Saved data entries

'''

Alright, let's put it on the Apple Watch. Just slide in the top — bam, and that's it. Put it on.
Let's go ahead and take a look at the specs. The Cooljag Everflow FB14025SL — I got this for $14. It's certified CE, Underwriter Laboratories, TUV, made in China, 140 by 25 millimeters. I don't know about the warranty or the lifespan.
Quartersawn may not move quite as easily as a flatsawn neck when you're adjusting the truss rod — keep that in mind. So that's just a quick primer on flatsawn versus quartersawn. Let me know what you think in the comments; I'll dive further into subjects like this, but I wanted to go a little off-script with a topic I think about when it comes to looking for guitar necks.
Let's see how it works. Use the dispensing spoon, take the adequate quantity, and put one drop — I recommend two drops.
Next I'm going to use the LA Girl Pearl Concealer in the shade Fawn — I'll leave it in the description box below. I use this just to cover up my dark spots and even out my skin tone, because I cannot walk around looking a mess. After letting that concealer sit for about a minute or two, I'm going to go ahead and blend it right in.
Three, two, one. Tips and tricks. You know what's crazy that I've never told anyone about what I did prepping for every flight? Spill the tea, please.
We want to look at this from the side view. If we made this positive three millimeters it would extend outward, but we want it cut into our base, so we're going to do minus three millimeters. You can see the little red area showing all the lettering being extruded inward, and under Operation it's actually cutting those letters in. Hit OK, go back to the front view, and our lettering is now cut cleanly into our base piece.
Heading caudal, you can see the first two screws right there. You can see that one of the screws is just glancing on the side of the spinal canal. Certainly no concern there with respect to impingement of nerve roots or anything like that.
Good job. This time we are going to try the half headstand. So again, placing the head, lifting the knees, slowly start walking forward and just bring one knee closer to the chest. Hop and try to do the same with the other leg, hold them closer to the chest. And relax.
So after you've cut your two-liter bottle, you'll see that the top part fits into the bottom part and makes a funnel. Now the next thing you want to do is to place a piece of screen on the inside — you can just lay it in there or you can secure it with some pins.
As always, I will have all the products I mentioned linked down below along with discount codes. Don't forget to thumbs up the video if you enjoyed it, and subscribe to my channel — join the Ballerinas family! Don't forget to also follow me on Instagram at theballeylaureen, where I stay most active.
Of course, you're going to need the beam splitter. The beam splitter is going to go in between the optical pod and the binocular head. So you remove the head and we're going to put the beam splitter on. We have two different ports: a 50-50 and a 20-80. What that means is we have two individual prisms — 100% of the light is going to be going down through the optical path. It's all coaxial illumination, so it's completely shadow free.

'''

Required work → Return exactly what appears above, from the first line of the entries to the line with "Let's go ahead", inclusive.

Output for this task →
Alright, let's put it on the Apple Watch. Just slide in the top — bam, and that's it. Put it on.
Let's go ahead and take a look at the specs. The Cooljag Everflow FB14025SL — I got this for $14. It's certified CE, Underwriter Laboratories, TUV, made in China, 140 by 25 millimeters. I don't know about the warranty or the lifespan.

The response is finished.